Tuesday, November 26, 2013

Freire, Rose, Gatto, Black


In Freires, Banking Concept of Education" Freire says "Narration(with the teacher as narrator) leads the students to memorize the narrated content.  Worse yet, it turns them into "containers," into "receptacles" to be "filled" by the teacher."  In the movie Chalk, Mr. Lowry is trying to teach his kids by having them memorize various history vocabulary terms.  I think at that point he was feeling that it was futile and just wanted to get the day over with.  Interestingly Mr. Lowry was the one teacher that kept trying to reach his students and ended up engaging more fully with his students later in the school year and being more successful in gaining his students respect.  He maybe recognized that he needed to learn how to talk to the kids on their own level.  He went so far as to learn their slang and won a slang spelling contest.
Mike Rose speaks of engaging students in his article from the Washington Times, “The Answer Sheet: ‘Mike Rose’s Resolutions on Education’” when he states “To have more young people get an engaging and challenging education.” In the movie “Chalk” there are several examples of how to not achieve this result. Mr. Stroope actually pulls aside his top two students and says to one of them “Stop using big words in class, I’m not even sure if you understand the meaning of some of the words that you use.” This is his attempt to cover his own understanding of the words that he is using which leads to what he told the other student. To a girl who is obviously bored and possibly insulted by the ignorance of her teacher Mr. Stroope said, “Don’t giggle in class when I am talking, it makes me look stupid in front of the rest of the class.” He makes these statements in order to possibly get the rest of the class to like him more and therefore help him accumulate more votes for the teacher of the year award. 

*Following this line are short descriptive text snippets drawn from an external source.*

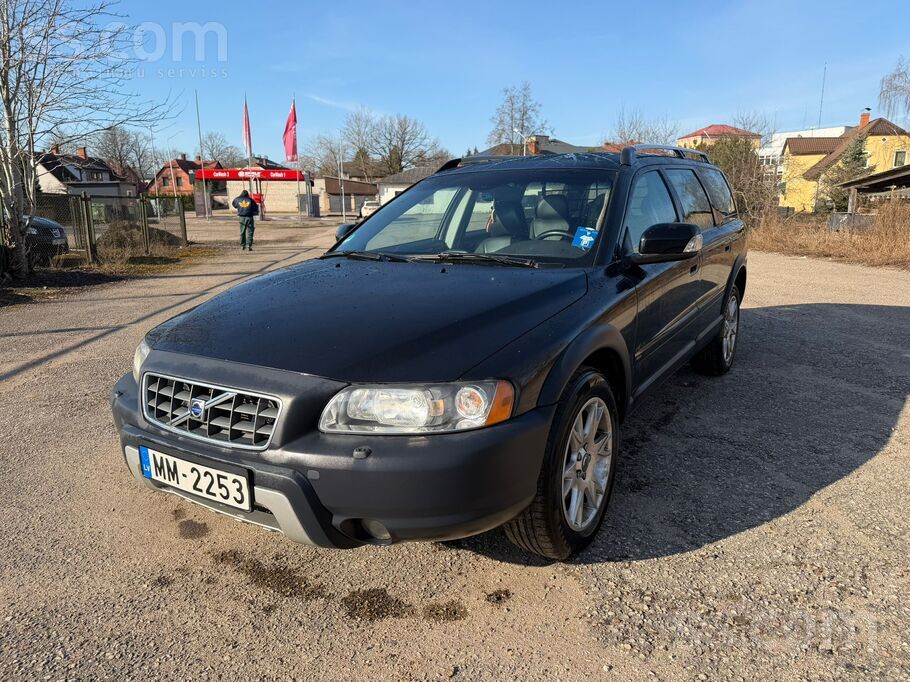 Pārdodu labu volvo, teicamā tehniskā stāvoklī. Abas priekšējās durvis nepiec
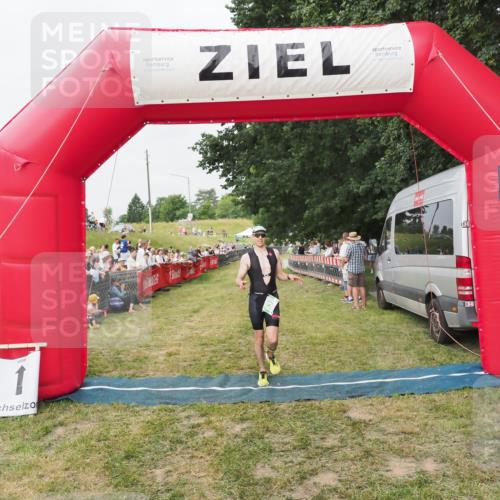 21.06.2025 - 27. Vierlanden-Triathlon MichiJ http://msf.ph/oto/8035656 15.06.2026 13:00:56 Ziel 638 meine-sportfotos.de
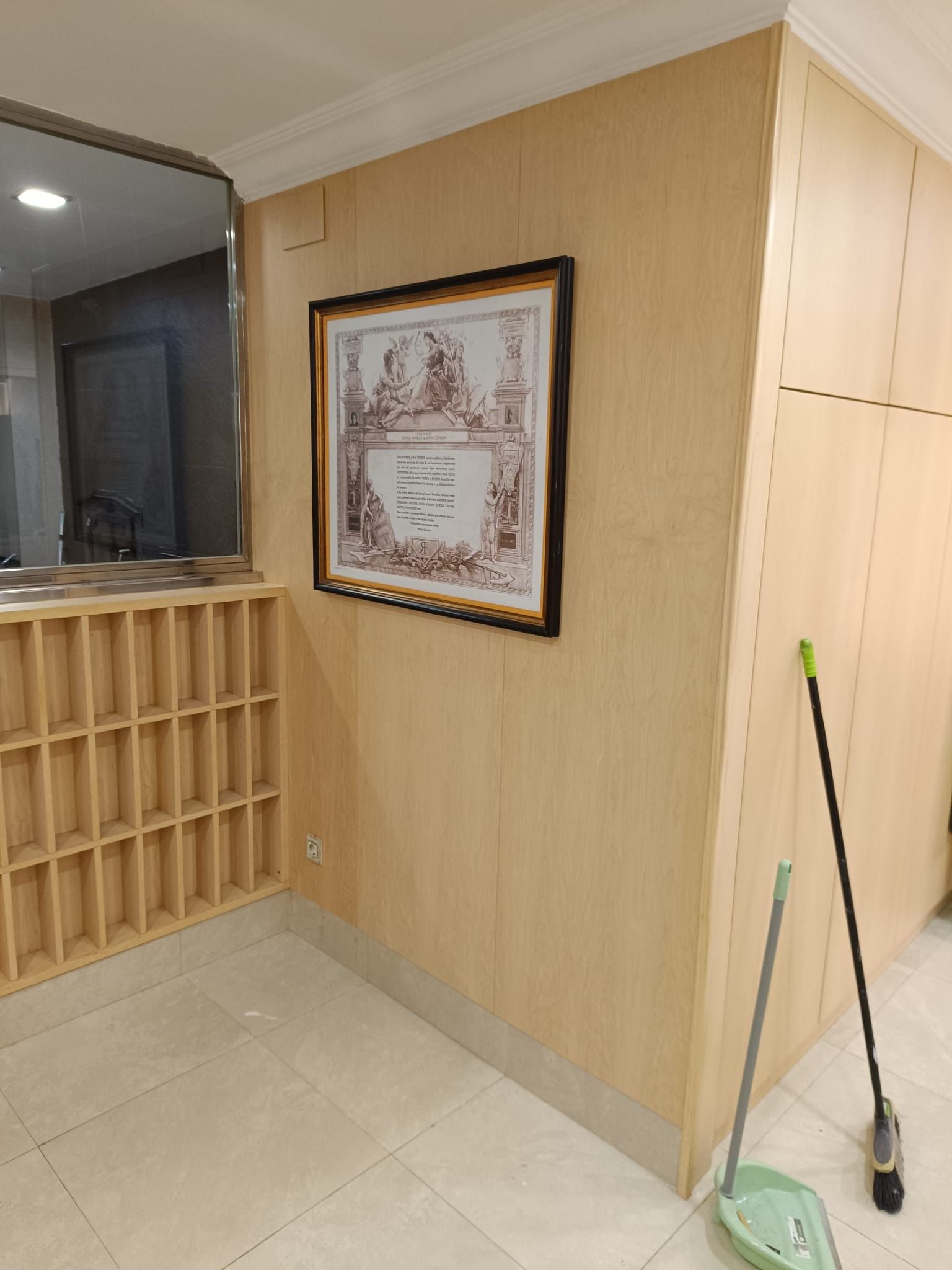 Una pared revestida de madera 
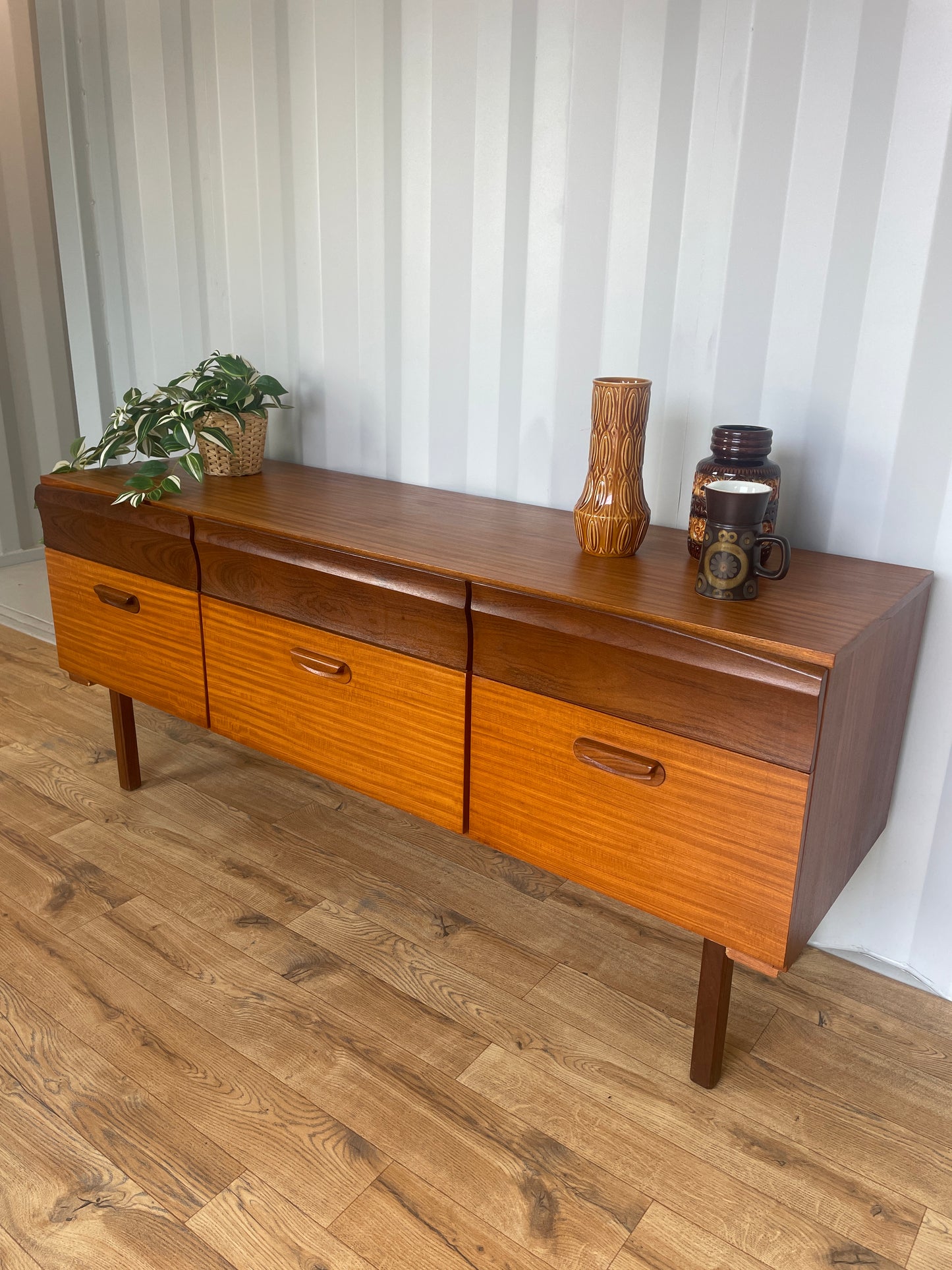 Mid-Century 6 Drawer Teak Sideboard - Vintage Retro Scandi Storage Cabinet TV Unit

In Gattos writing, he says "Without Conant, we would probably not have the same style and degree of standardized testing that we enjoy today, nor would we be blessed with gargantuan high school that warehouse 2000 to 4000 students at a time, like the famous Columbine High School in Littleton, Colorado".  We see this in the movie  Chalk, there is a scene where the assistant principal is running thru the maze of hallways trying to find a wayward student.  She has to communicate with someone on a radio to get directions to where the student is and probably where she was.  All the hallways are named in order to make negotiating them easier for the students and staff but that does not seem to be very effective as the assistant principal was lost in her own school.
In Lewis Black’s sketch “On Education in America”, he mentions teachers that are “totally unqualified” who show up at a school and say “I want to help”. It is not even difficult to compare this statement to real life which in itself is difficult to understand why when you realize it means that our children are being taught by people who have not met the minimum standards of being an educator. In the film “Chalk”, Mr. Stroope was exactly this type of teacher. He was visited by a faculty evaluator where they reviewed his shortcomings from their last meeting, which he had still not even attempted to work on. These shortcomings included having an education plan and being disorganized. What is a teacher if not an organized person with a structured plan to impart their own knowledge on the children they have been entrusted to educate? Why do we have people like this in our education system? The only answer I can see for both of these questions is that we as parents and as students do not push to make it different. Parents need to be engaged in the education of their children and students need to have enough stock in their own education to stand against such inadequacies.